◆ SOURCE MATERIAL ◆
- Opening Delimiter -

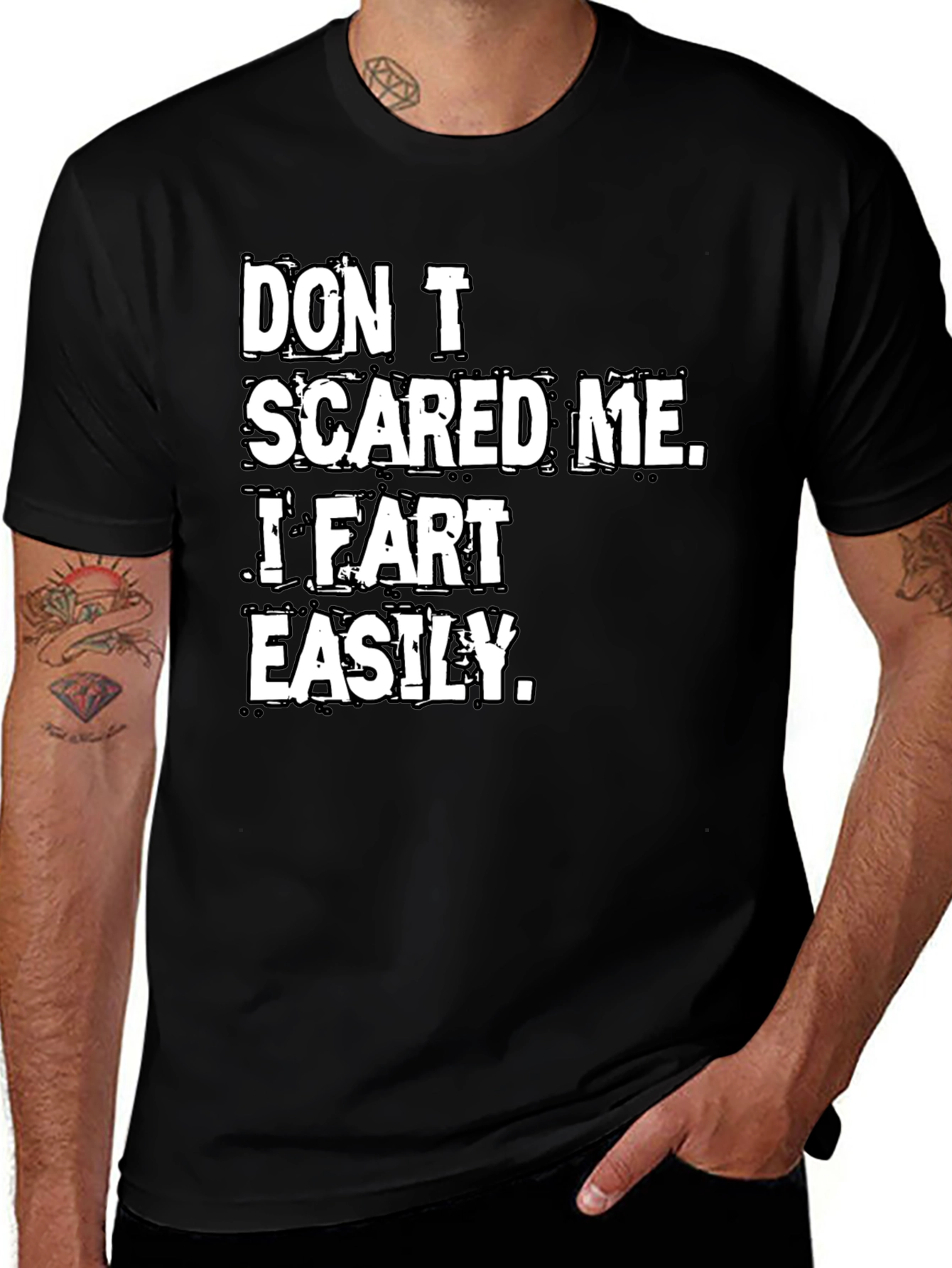 Variant 8 of Funny "I Fart Easily" Black Graphic Tee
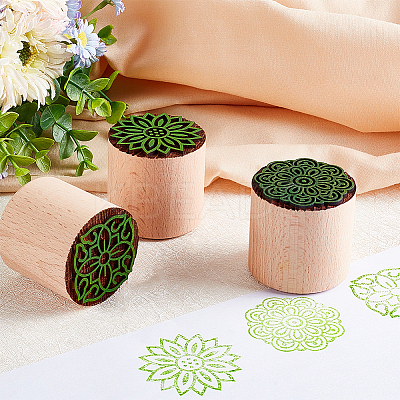 3Pcs 3 Styles Round Wooden Traditional Chinese Moon Cake Stamps AJEW-OC0004-19B-1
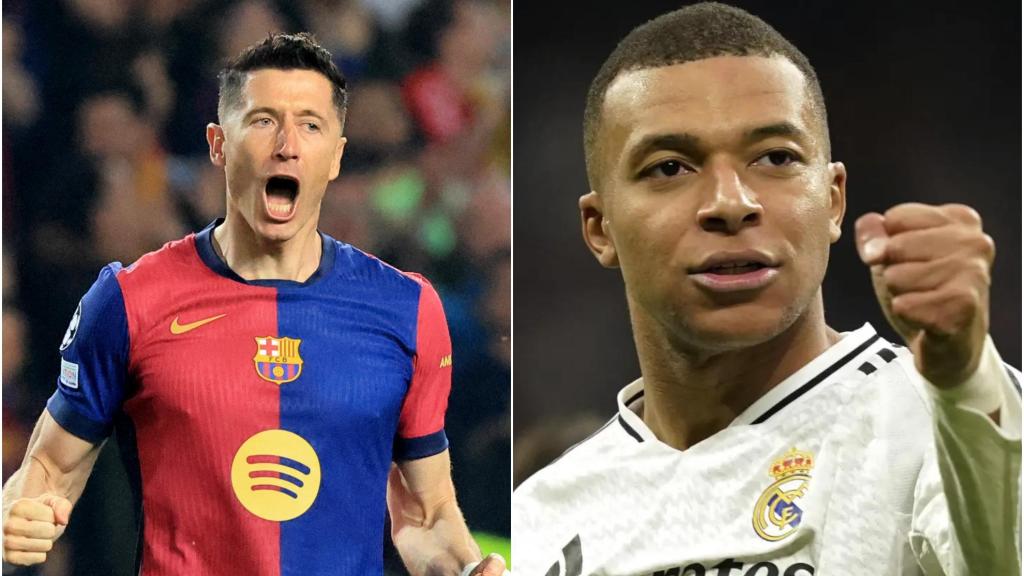 Celebraciones de Robert Lewandowski y Kylian Mbappé.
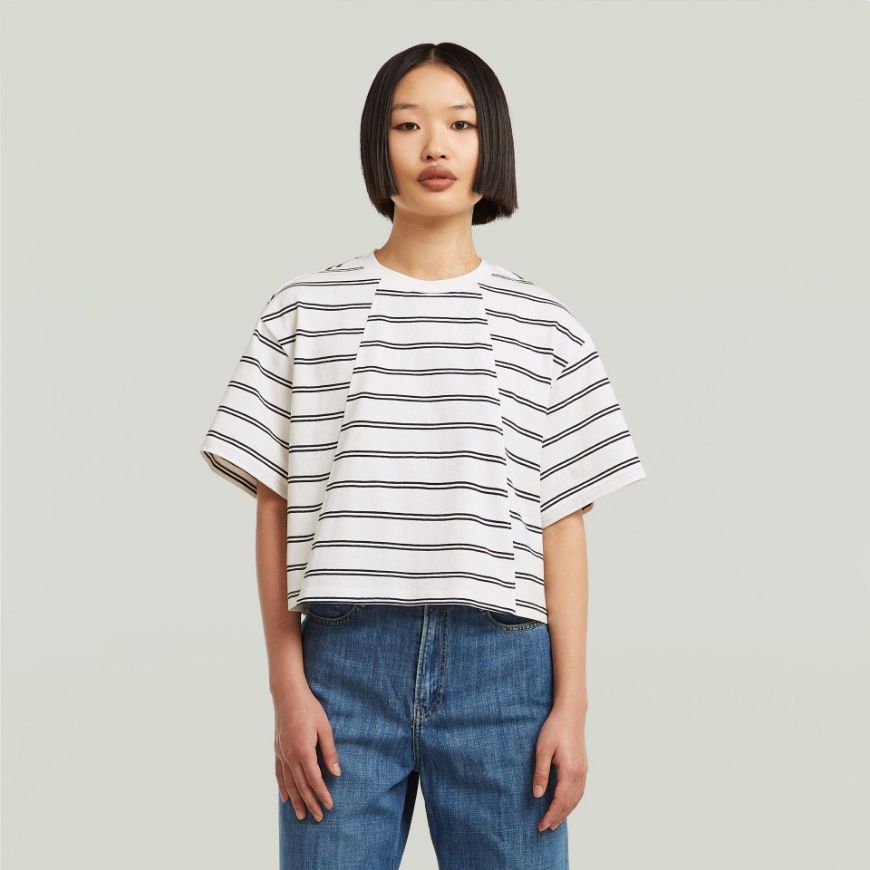 Picture of G-STAR WOMEN'S A LINE STRIPE BOXY T-SHIRT IN OSAKA BLUE/GRANITE GREEN DOUBLE STRIPE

- Closing Delimiter -

◆ ASSIGNMENT ◆
Beginning with the line that contains "Celebraciones de Robert" and ending with the last line of the data above, output those lines exactly and nothing more, without any pictures.

◆ EXERCISE RESPONSE ◆
 Celebraciones de Robert Lewandowski y Kylian Mbappé.
 Picture of G-STAR WOMEN'S A LINE STRIPE BOXY T-SHIRT IN OSAKA BLUE/GRANITE GREEN DOUBLE STRIPE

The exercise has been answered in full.